Zamora, la recensione
Dentro Zamore c'è una storia sentimentale di provincia, ma anche una di qualcuno rimasto indietro, ma anche una mentore allievo e tutto giusto
La recensione di Zamora, il primo film da regista di Neri Marcorè, in uscita al cinema il 4 aprile
Questa è una storia sostanzialmente di romanticismo da sconfitti in provincia, in cui nessuno è veramente bello (anzi, c’è un bel lavoro sull’ordinaria bruttezza) e nessuno è veramente attraente, eppure (o forse proprio per quello) sentiamo bene il sentimento che questo ragazzo assunto in un’azienda della grande città prova non solo nel sentirsi sradicato da una realtà in cui era a suo agio, messo alla prova da una nuova vita in città, ma anche attratto da una signorina in ufficio.

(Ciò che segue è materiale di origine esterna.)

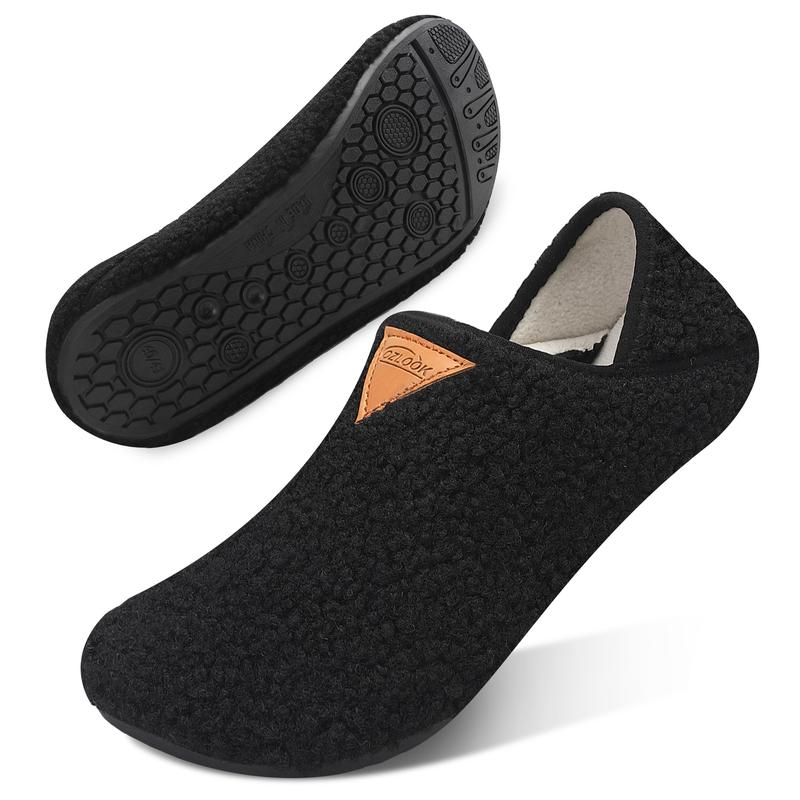 House Slippers for Women Men , Womens Mens Slippers with Non-slip Sole Slip On for Indoor & Outdoor, Portable Slippers for Home Travel Hotel,Winter Warm Slippers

Ci sono tantissime spinte ben equilibrate in questo protagonista (andrebbe aggiunto anche il fatto di essere indietro rispetto al suo tempo, non al passo delle nuove relazioni uomo/donna). L’attrazione, soffusa dalle buone maniere anni ‘60 e dal formalismo aziendale, si avverte.
Neri Marcorè (che, strano a dirsi, è quello che nel cast è meno a fuoco) non solo conduce bene il film che ha scritto con Paola Mammini e Maurizio Careddu ma gli dà proprio un piglio personale. C’è un’attenzione alle scenografie non comune, come anche una al trucco, alla dimensione visiva (c’è una festa mesta in azienda eccezionale) e poi al casting. Zamora è pieno di comici, tutti presi in ruoli da caratteristi e tutti molto bravi, sui quali regna Giovanni Storti, all’apice di questa sua nuova carriera da caratterista.